Maître dans l’amoncellement des détails, Jean-Pierre Nadau crée des œuvres qui frisent le chaos pour lui offrir des permanentes. L’univers des « immondes » cités prend un caractère volontairement indéchiffrable et drôle. Le graphisme est inépuisable et c’est un plaisir que de s’y perdre. La vie grouille animée d’une dynamique interne qui pourrait rapprocher ce travail de l’Art Brut même s’il en reste le parfait contraire.
Dans le diurne ou le nocturne le réel est poussé du coude, ses pans s’incarnent, s’écartent, se dissolvent là où les lignes cherchent les formes, défaillent, s’effritent de manière splendide. La vie, la plus légère comme la plus sombre, se gonfle et se cabre. Turbulente, elle flotte — rien ne reste stable au sein de la fixité.
Entretien :
Qu’est-ce qui vous fait lever le matin ?
Le matin , j’aime simplement le matin .
Que sont devenus vos rêves d’enfant ?
Je suis toujours en partie un enfant et j’ai encore des rêves impossibles .Donc il n’y a qu’une continuité.
A quoi avez-vous renoncé ?
Acquérir un château du 18ème siècle. Là c’est un rêve qui me parait définitivement inaccessible…
D’où venez-vous ?
De Melun ( Seine-et Marne ) ; l’ancienne clinique Saint-Jean, fermée en 1965, mais dont les fenêtres étaient ouvertes quand je suis né, se trouvait à 4 kilomètres à vol d’oiseau du ru d’Ancoeuil, le grand canal de Vaux-le-Vicomte. Jusqu’à 11 ans j’habitais rue d’Arqueil dans un petit village du même département et mon père travaillait à Arcueil. C’était inscrit, dès le départ l’art m’a cueilli, accueilli, recueilli. Alors vas-y Nadau, en scène et marne.

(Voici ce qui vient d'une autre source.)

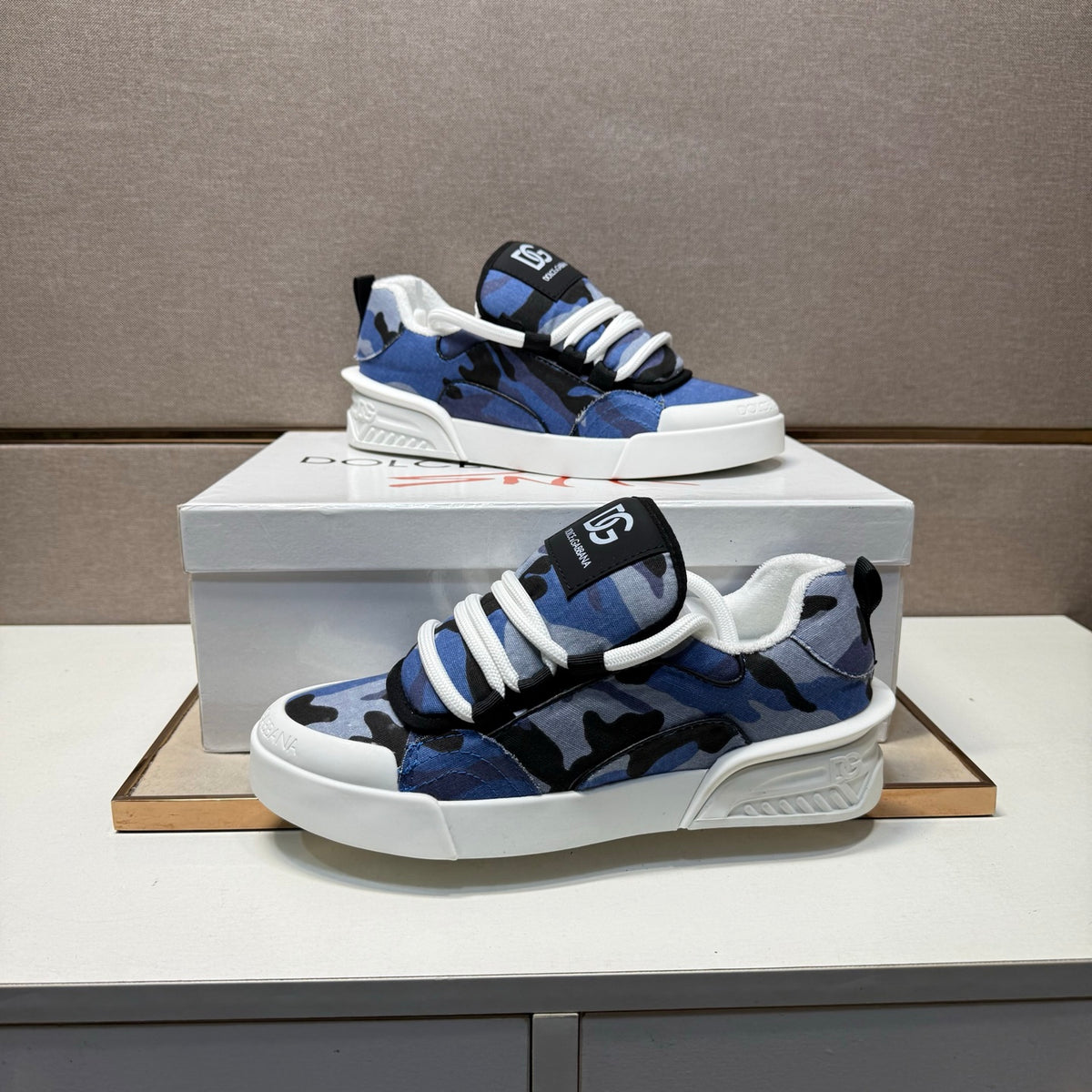 Dolce & Gabbana DG Couple's Multi-Material Casual Sneakers 4 Colors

Qu’avez-vous reçu en « héritage » ?
Une bonne éducation de mes parents et jusqu’à présent une santé satisfaisante pour continuer sereinement mes fantaisies.

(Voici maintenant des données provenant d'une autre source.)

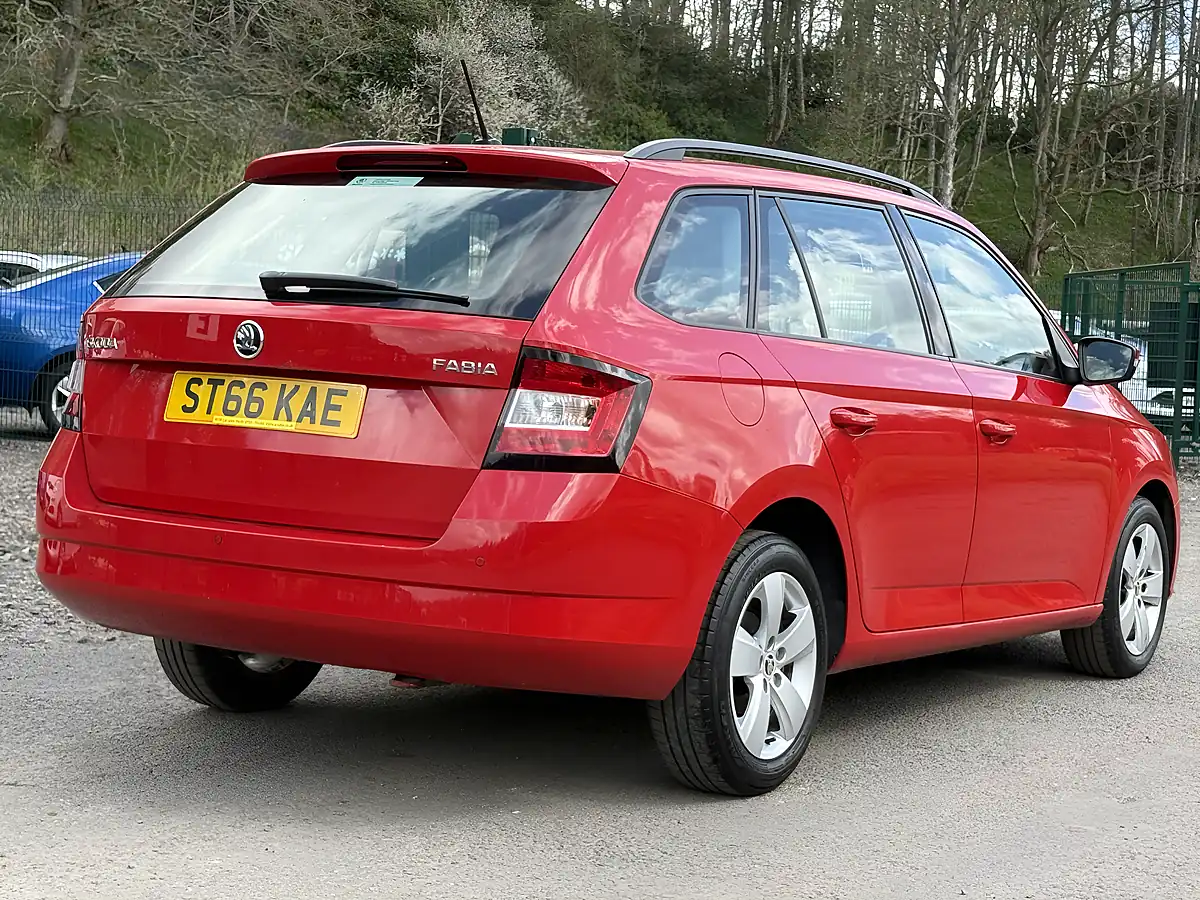 Used 2016 Skoda Fabia Se Red - Interior and Exterior details 6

Qu’avez vous dû “plaquer” pour votre travail ?
De travailler justement. La création, même si ça demande du temps et de l’énergie, malgré les problèmes financiers, les insatisfactions diverses, ce n’est au bout du compte que gratifiant.
Un petit plaisir — quotidien ou non ?
Manger un citron en regardant certains vieux films français des années 50–60 dialogués par Audiard.
Qu’est-ce qui vous distingue des autres artistes ?
Le simple déroulement forcément singulier de nos vies suffit à nous distinguer les uns des autres. Artistes ou non.
Comment définiriez-vous votre manière d’aborder le “plan” ?
S’il s’agit du “plan” graphique, en pur improvisateur pour les petits formats, mais plus la surface s’agrandit, plus il y a de construction en amont, de délire organisé.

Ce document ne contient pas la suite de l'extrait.